* **DESCRIPTION OF THE TASK**
Please give back the listing exactly, without any of its pictures.
EXTRACTED DATA section start
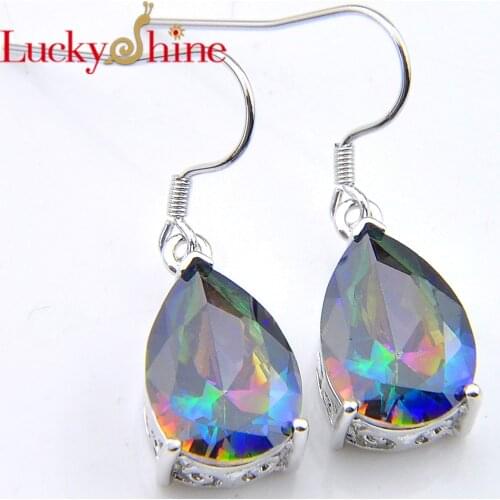 Luckyshine Jewelry Fire Water Drop Rainbow Mystic Created Stone Silver Plated Zirconia Earrings Russia USA Australia Earrings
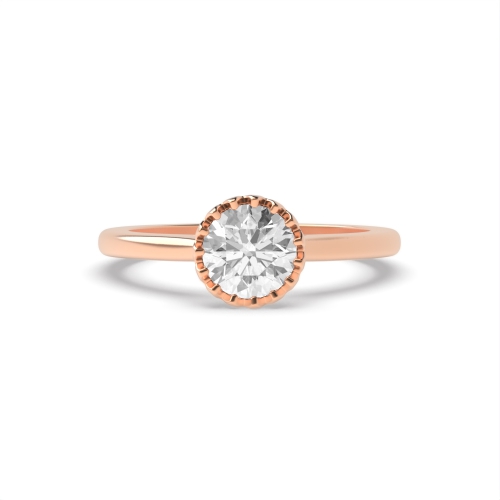 4 Prong Round Rose Gold Start claws Engagement Rings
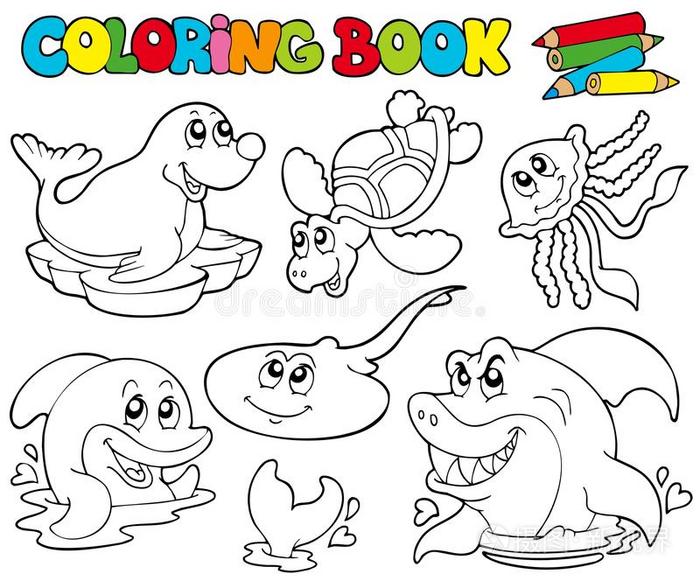 海洋动物着色书1插画 正版商用图片0jt43d 摄图新视界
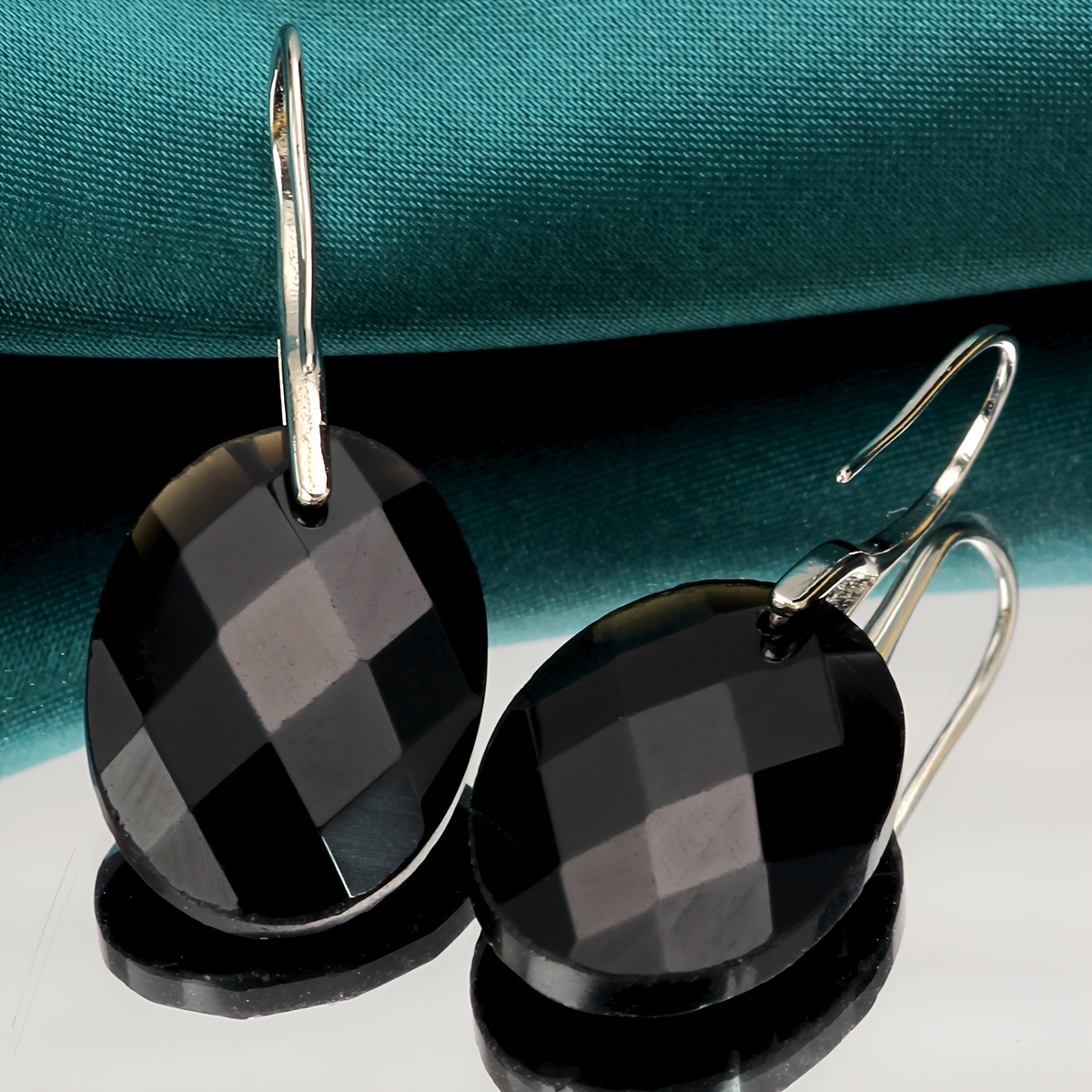 Women's Faceted Obsidian Earrings, Punk Gothic Style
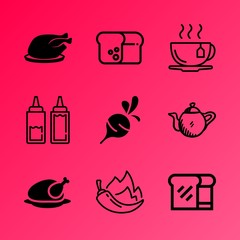 Vector icon set about kitchen with 9 icons related to sausace, cantonese, crust, paprika, pot, ingredient, weight, mug, bacon and traditional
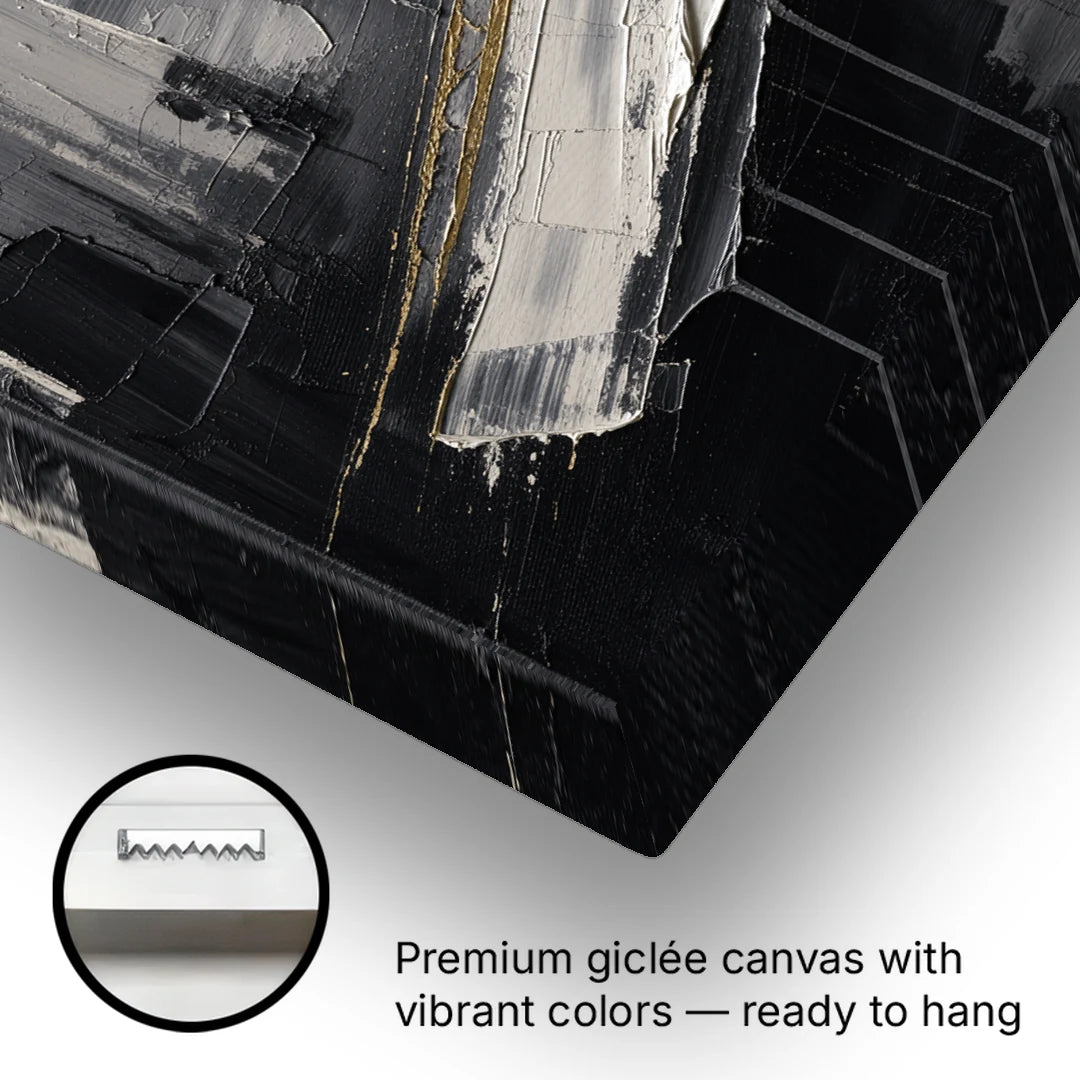 Gold-Edged White Sweep - Canvas Wall Art - Gallery Wrap Corner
EXTRACTED DATA section end
* **EXERCISE RESPONSE**
 Luckyshine Jewelry Fire Water Drop Rainbow Mystic Created Stone Silver Plated Zirconia Earrings Russia USA Australia Earrings
 4 Prong Round Rose Gold Start claws Engagement Rings
 海洋动物着色书1插画 正版商用图片0jt43d 摄图新视界
 Women's Faceted Obsidian Earrings, Punk Gothic Style
 Vector icon set about kitchen with 9 icons related to sausace, cantonese, crust, paprika, pot, ingredient, weight, mug, bacon and traditional
 Gold-Edged White Sweep - Canvas Wall Art - Gallery Wrap Corner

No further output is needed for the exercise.